Day 31

Math 216: Statistical Thinking

Bastola

Review: Mean vs. Proportion

Previously studied: Confidence intervals (C.I.) and hypothesis tests for population means.
Non-parametric tests were focused on population medians.

Transition to Proportions

Now focusing on population proportion (e.g., “What percentage of voters favor candidate A?”)
Applies similar principles as the Central Limit Theorem for means, using properties of the sampling distribution of \(\hat{p}\).

Properties of \(\hat{p}\)

Mean: The expected value (mean) of \(\hat{p}\) is equal to the true population proportion \(p\). \[ E(\hat{p}) = p \]
Standard Deviation: For large samples, approximated by \[ \sigma_{\hat{p}} \approx \sqrt{\frac{\hat{p}(1-\hat{p})}{n}} \]
Distribution: Becomes approximately normal with large sample sizes.

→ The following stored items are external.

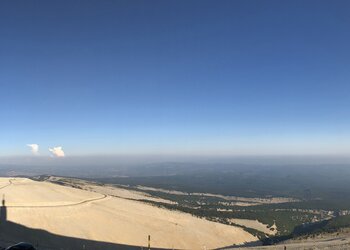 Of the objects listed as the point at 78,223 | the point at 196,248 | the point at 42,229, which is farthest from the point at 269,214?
the point at 42,229

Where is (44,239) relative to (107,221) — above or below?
above

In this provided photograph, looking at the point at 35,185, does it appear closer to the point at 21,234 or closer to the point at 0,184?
the point at 0,184

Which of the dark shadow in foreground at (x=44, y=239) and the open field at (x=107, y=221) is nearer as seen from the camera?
the dark shadow in foreground at (x=44, y=239)

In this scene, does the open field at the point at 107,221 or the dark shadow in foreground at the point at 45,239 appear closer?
the dark shadow in foreground at the point at 45,239

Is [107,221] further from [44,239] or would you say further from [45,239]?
[44,239]

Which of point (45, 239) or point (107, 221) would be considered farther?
point (107, 221)

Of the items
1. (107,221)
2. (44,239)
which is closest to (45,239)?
(44,239)

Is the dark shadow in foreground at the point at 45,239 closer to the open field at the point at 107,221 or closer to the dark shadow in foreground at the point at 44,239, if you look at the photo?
the dark shadow in foreground at the point at 44,239

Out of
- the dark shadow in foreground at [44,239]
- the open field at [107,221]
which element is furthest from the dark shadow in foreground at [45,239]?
the open field at [107,221]

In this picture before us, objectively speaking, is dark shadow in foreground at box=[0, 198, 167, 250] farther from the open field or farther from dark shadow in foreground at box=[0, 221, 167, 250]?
the open field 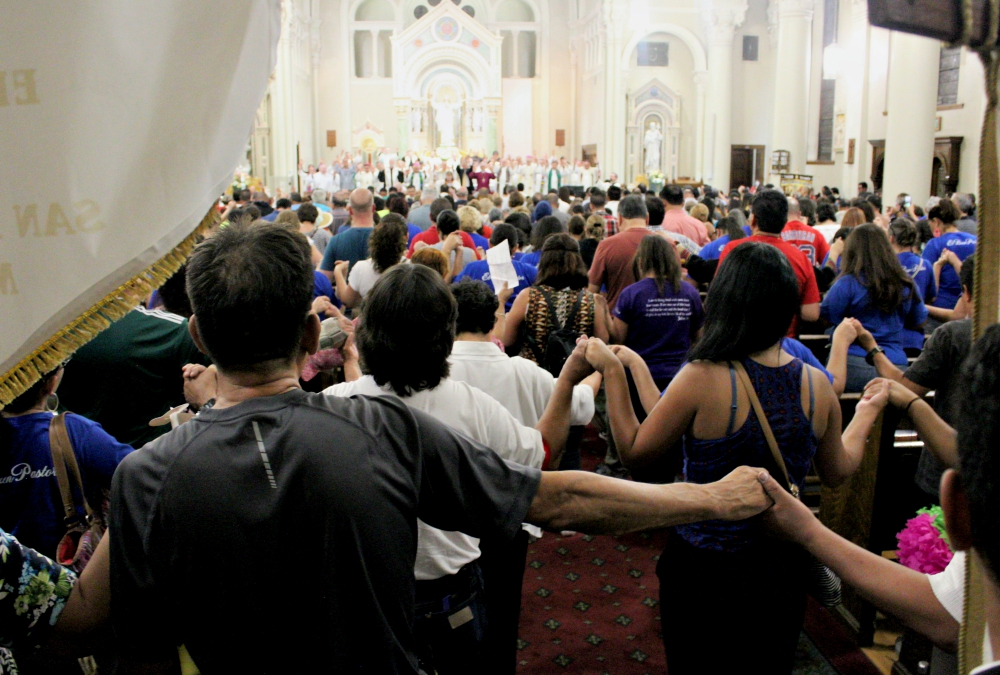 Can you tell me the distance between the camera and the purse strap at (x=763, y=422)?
2342mm

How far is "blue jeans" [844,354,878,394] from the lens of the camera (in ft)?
14.3

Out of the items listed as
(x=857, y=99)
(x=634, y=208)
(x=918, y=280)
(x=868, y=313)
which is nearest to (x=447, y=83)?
(x=857, y=99)

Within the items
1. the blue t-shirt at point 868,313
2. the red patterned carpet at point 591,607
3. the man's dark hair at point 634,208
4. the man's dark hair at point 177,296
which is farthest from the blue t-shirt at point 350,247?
the blue t-shirt at point 868,313

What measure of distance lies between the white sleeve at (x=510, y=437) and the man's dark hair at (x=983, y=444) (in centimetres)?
140

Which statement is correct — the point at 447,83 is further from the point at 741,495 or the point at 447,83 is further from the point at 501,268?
the point at 741,495

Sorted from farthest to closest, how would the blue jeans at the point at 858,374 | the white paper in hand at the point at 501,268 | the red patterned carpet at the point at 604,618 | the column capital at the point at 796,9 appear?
the column capital at the point at 796,9 < the white paper in hand at the point at 501,268 < the blue jeans at the point at 858,374 < the red patterned carpet at the point at 604,618

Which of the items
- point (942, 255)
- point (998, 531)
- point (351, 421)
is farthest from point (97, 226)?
Answer: point (942, 255)

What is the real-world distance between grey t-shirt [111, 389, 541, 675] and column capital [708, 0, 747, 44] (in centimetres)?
2914

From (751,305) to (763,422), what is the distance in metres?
0.33

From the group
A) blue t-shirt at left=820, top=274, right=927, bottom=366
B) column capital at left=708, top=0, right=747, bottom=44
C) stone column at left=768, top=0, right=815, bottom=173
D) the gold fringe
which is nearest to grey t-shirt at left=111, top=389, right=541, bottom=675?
the gold fringe

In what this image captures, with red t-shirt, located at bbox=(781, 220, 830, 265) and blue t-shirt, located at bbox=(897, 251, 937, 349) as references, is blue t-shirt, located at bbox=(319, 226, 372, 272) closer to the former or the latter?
red t-shirt, located at bbox=(781, 220, 830, 265)

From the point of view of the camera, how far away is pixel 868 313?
4.49 meters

Large-Sample Hypothesis Testing

Test Statistic: Normal (z) statistic for \(H_0: p = p_0\): \[ z_c = \frac{(\hat{p} - p_0)}{\sqrt{\frac{p_0(1-p_0)}{n}}} \]
Decision Rule: Reject \(H_0\) if p-value \(< \alpha\), or if \(z_c\) falls into the rejection region.

Hypothesis Test Types

One-Tailed Test:
- \(H_a: p < p_0\) or \(H_a: p > p_0\)
- Rejection region: \(z_c < -z_{\alpha}\) or \(z_c > z_{\alpha}\)
Two-Tailed Test:
- \(H_a: p \neq p_0\)
- Rejection region: \(z_c < -z_{\alpha/2}\) or \(z_c > z_{\alpha/2}\)

Conditions for Testing

Random sample from the population.
Large enough sample size, typically \(n\hat{p} \geq 15\) and \(n\hat{q} \geq 15\).

Confidence Interval for \(\hat{p}\)

Large-sample confidence interval: \[ \hat{p} \pm z_{\alpha/2} \sqrt{\frac{\hat{p}(1-\hat{p})}{n}} \]
Valid when \(n\) is large for normal approximation.

Sample Size Determination

To specify sampling error (SE) and confidence level: \[ n = \frac{(z_{\alpha/2})^2 \hat{p}(1-\hat{p})}{SE^2} \]
Conservative estimate uses \(p \approx 0.5\) when \(\hat{p}\) is unknown.